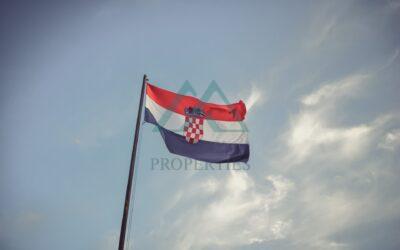 Which locations in Croatia by the sea are among the most expensive and cheapest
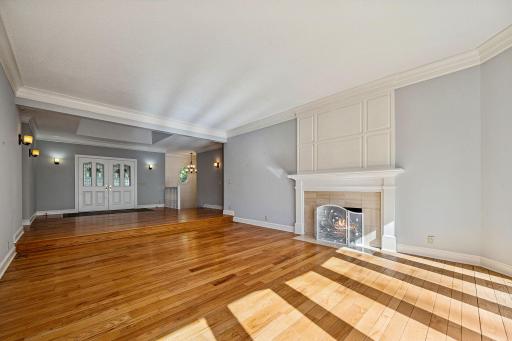 350 Ruann Road, Wayzata, MN 55391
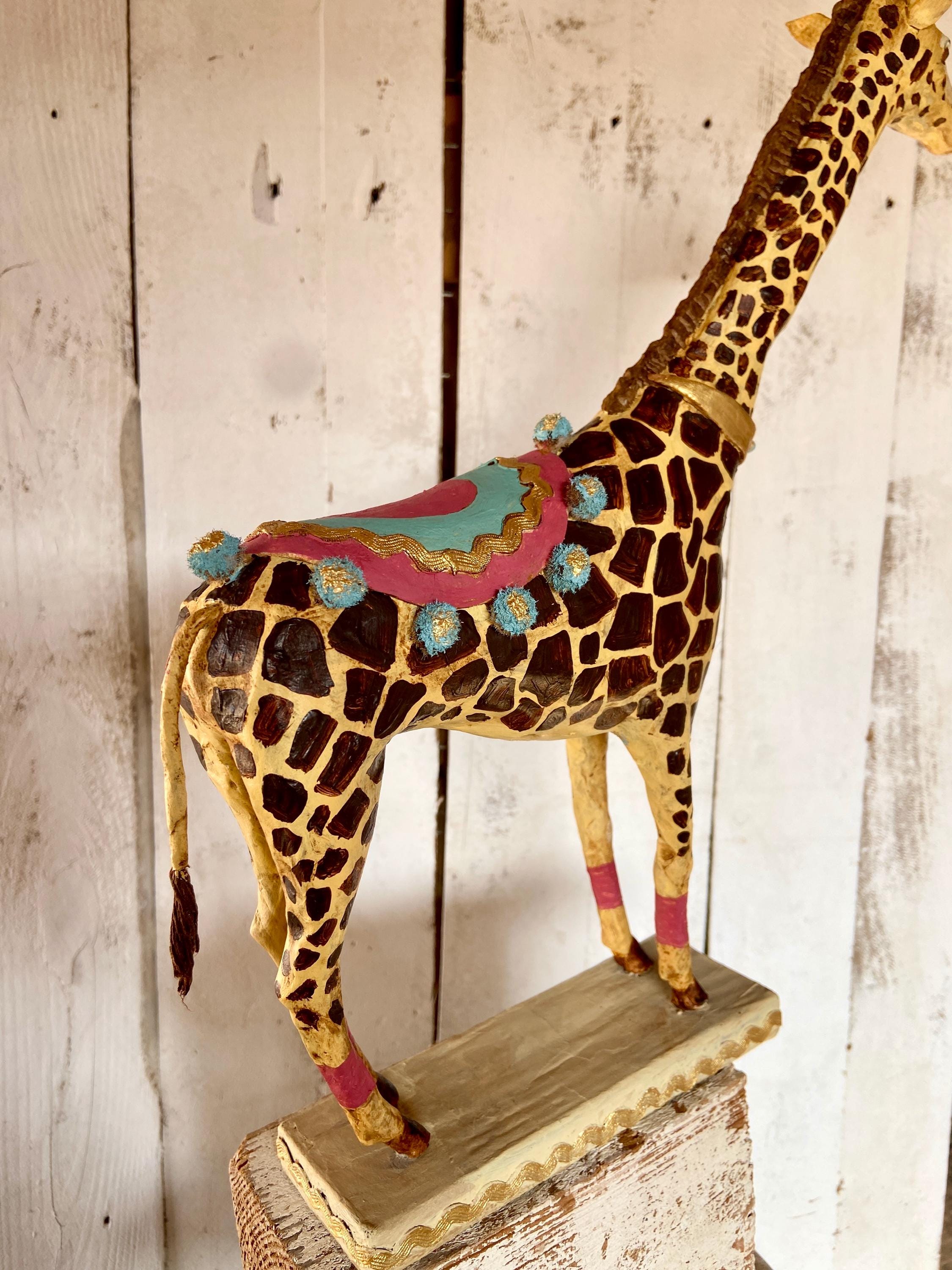 紙粘土で作られたサーカスのキリン - 手作りのヴィンテージ動物彫刻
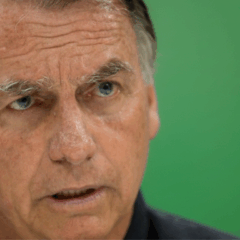 ex-presidente durante coletiva, em imagem ilustrativa sobre julgamento do STF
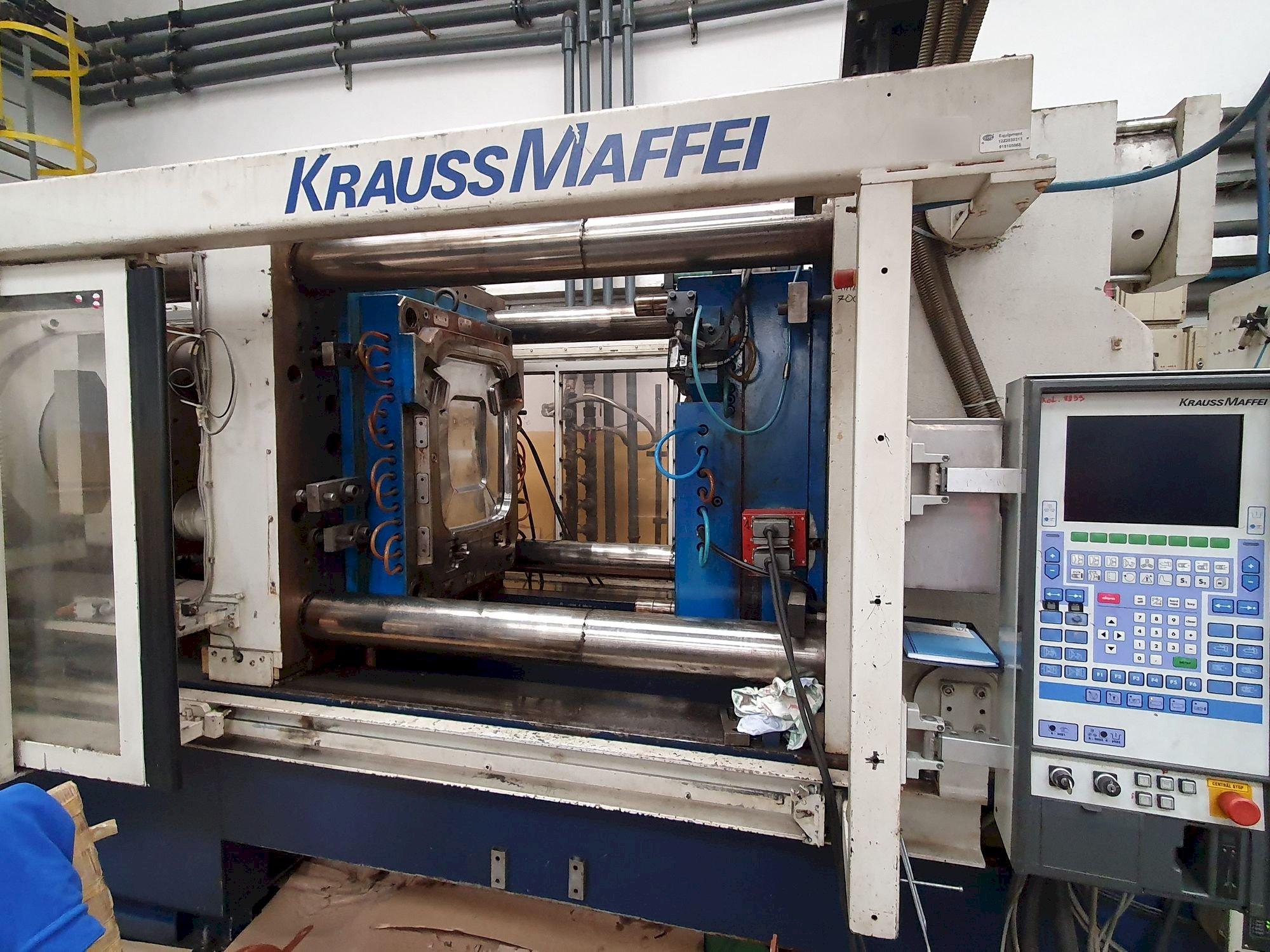 Krauss Maffei 800-4350 BM (1996)-maskinen framifrån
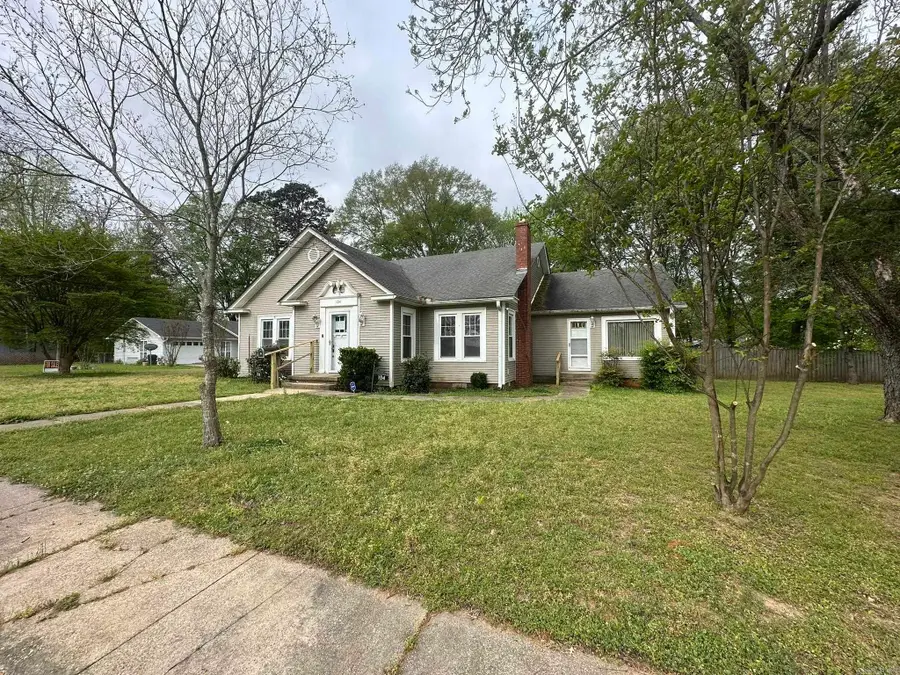104 S Gannaway Street, Warren, AR 71671 - #2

◆ Description of the task:
Reproduce precisely the lines of the entries above, from the one containing "紙粘土で作られたサーカスのキリン - 手作りのヴィンテージ動物彫刻" through the final one, both ends included, and omit the pictures.

◆ Result of the exercise:
 紙粘土で作られたサーカスのキリン - 手作りのヴィンテージ動物彫刻
 ex-presidente durante coletiva, em imagem ilustrativa sobre julgamento do STF
 Krauss Maffei 800-4350 BM (1996)-maskinen framifrån
104 S Gannaway Street, Warren, AR 71671 - #2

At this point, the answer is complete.